OpenREAD: Reinforced Open-Ended Reasoning for End-to-End Autonomous Driving with LLM-as-Critic
Songyan Zhang, Wenhui Huang, Zhan Chen, Chua Jiahao Collister, Qihang Huang, Chen Lv

TL;DR
OpenREAD introduces an end-to-end reinforcement fine-tuning framework using large language models as critics, significantly improving reasoning and planning in autonomous driving by leveraging open-ended reasoning and large-scale annotations.
Contribution
The paper presents a novel open-ended reasoning framework for autonomous driving that integrates large language models as critics in reinforcement fine-tuning, enhancing reasoning and planning capabilities.
Findings
Achieves state-of-the-art performance on reasoning benchmarks.
Improves both upstream and downstream autonomous driving tasks.

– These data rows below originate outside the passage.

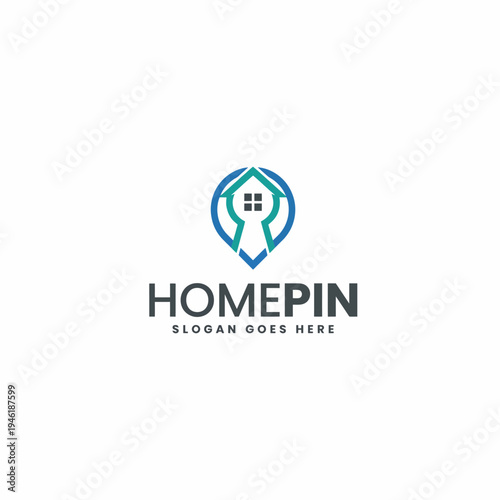 This logo features a symbolic house design within a pin, representing location and home, showcasing HomePin's commitment to real estate and connecting people with properties.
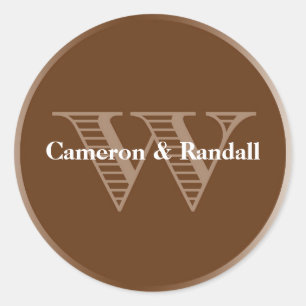 Sticker Rond Première W brun monogramme nom marque parti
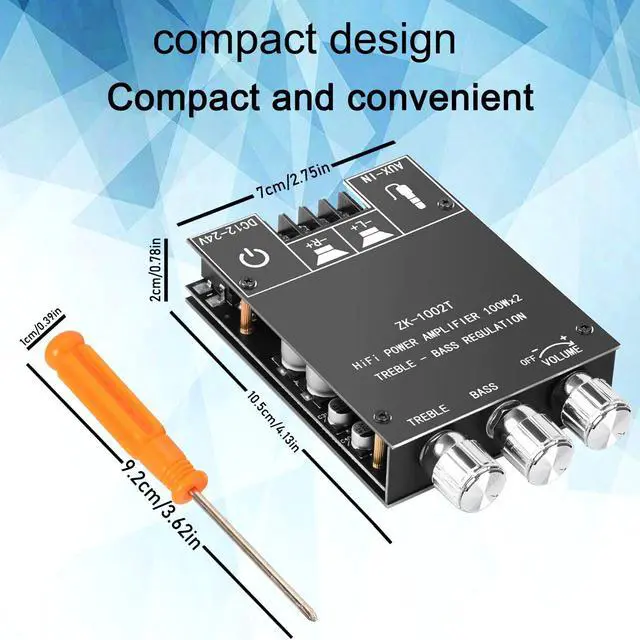 Alt view image 4 of 7 - ZK-1002T Bluetooth Audio Amplifier Board,100W×2Power Amplifier,DC12-24V Bluetooth Audio Power Amplifier Board, Board with Treble and Bass Control,Supports AUX/Bluetooth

Effectively utilizes large-scale Chain-of-Thought annotations.
Abstract
Recently, two-stage fine-tuning strategies, e.g., acquiring essential driving knowledge through supervised fine-tuning (SFT) and further enhancing decision-making and planning via reinforcement fine-tuning (RFT), have shown strong potential in advancing the knowledge-driven autonomous driving (AD) paradigm. However, the learning nature of SFT still limits the generalization of reasoning, thereby constraining the full potential of driving performance. Meanwhile, current RFT approaches are primarily applied to downstream tasks, since scene understanding is an open-ended problem where corresponding rewards are difficult to quantify. To address these limitations, we propose OpenREAD, an OPEN-ended REasoning reinforced vision-language model (VLM)-based autonomous driving (AD) framework that enables end-to-end RFT across the full spectrum from high-level reasoning to low-level trajectory…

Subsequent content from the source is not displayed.